INSTRUCTIONS TO FOLLOW:
In how many lines of the data below does the word "person" appear? Reply with the number and nothing more.

RECORDS:
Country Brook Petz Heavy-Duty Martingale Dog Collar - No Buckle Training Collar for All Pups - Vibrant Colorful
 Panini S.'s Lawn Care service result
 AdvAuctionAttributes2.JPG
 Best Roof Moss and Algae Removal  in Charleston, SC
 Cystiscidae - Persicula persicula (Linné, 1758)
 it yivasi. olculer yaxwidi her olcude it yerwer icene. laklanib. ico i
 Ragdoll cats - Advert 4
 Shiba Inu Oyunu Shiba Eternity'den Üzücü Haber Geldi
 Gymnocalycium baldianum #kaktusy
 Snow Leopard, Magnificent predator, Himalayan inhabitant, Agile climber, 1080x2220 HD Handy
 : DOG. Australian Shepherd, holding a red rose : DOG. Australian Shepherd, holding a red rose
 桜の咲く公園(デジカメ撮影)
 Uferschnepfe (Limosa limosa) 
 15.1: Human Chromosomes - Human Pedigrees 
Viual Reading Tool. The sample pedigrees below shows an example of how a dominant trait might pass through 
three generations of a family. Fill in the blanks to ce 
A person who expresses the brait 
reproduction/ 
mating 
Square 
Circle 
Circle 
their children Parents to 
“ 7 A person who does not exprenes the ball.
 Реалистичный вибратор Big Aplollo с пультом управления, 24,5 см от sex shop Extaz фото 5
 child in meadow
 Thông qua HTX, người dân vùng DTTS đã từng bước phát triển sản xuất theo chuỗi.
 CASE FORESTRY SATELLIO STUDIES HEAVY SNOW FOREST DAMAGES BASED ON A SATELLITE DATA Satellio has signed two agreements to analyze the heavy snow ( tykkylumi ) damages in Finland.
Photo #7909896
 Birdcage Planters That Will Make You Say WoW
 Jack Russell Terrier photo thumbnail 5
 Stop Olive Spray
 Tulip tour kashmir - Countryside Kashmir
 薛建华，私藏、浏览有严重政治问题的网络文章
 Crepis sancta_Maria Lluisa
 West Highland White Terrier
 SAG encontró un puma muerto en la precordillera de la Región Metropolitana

WRITTEN ANSWER:
2